Fast forward to last night, when during a lull in the Oscar action I convinced Dan that we should both stand outside in the freezing cold wind while Tess wandered around, sniffed, chased shadows, and possibly (hopefully) used the bathroom. You know, there's nothing like bonding when you can't feel your face or toes. But sure enough, as we crossed the parking lot to the dog park (less than 50 yards away at that point), Dan unclipped Tess' leash and instructed her to "wait for us at the gate!" I could have sworn I heard the dog mutter something akin to "suckers" as she trotted off and disappeared down the hill. I fought the urge to chase her as Dan assured me that she had done so well the night before. When we got to the top of that same hill less than 15 seconds later, though, all we saw was a black blur traveling fast around the fence of the park... on the outside. Headed not towards the gate, but away from it and into the woods.
Both Dan and I started to yell her name, clap our hands, and generally make as many convincing noises as we could, struggling to keep an eye on her as she got further and further away. The one drawback to our lovely dog park, besides the fact that it turns into something like a mud wrestling pit when it rains, is that there is very little lighting in the area, so it is super dark by that time of night. Trying to track a black dog goes something like this...
Eventually we caught sight of her about 100 yards away and down a huge hill, running around in the parking lot of one of the other apartment blocks. We both jogged down the hill, but by the time we got down there she was, of course, gone. Dan headed in one direction and I walked in another, just in time to glimpse her headed down another steep hill and toward the road that leads out of our neighborhood. A road that is lined with trees and eventually leads another very dark, very forest-lined road where cars have a tendency to whip around corners and regularly hit 20 mph over the speed limit. I yelled for Dan and took off.
Of course by the time I got halfway to the spot I had last seen her, she was gone again. Luckily there are streetlights in that area, but even in the light she was nowhere to be found. As Dan headed down the hill on foot, I started back towards home to get in the car, visions of a night spent driving in circles, yelling Tess' name into the dark flashing through my head. I knew that the poor girl had not called our home "home" for long enough to find her way back from very far away, and I was terrified that she was gone forever. I could imagine the phone calls we would have to make: "no, she didn't slip her collar or jump the fence... no no, we let her go...." Worst dog parents in the world right here, ladies and gentlemen.

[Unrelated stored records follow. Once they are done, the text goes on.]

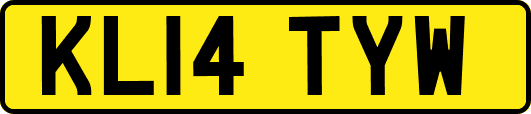 KL14TYW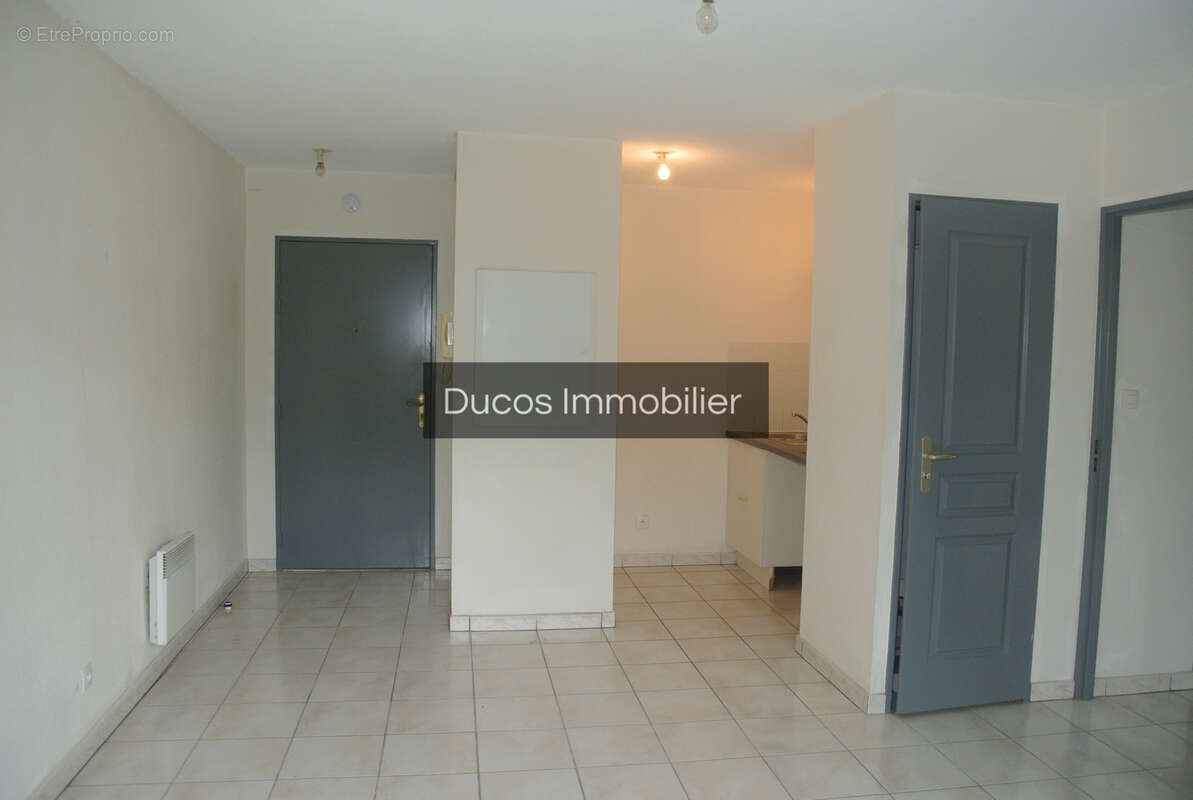 Appartement à MARMANDE
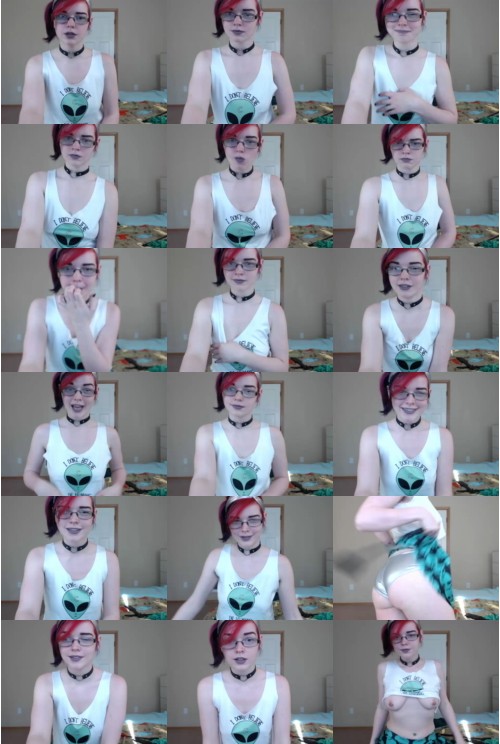 Download Video File: chaturbate stephyykitteh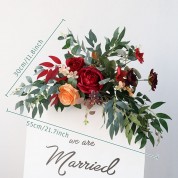 Artificial Flower Arrangements Sydney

When I reached the top of the road, though, I happened to look up and across to our neighborhood's office (closed for the night), and who do I see loping towards me from the mail kiosk, just as happy as can be?
That's right, the dog who will remain on a leash any time she even thinks about the outdoors for the remainder of her life. 
I don't know about you, but I always prefer to end my weekends with a freezing cold, terrifying, late-night chase through the neighborhood.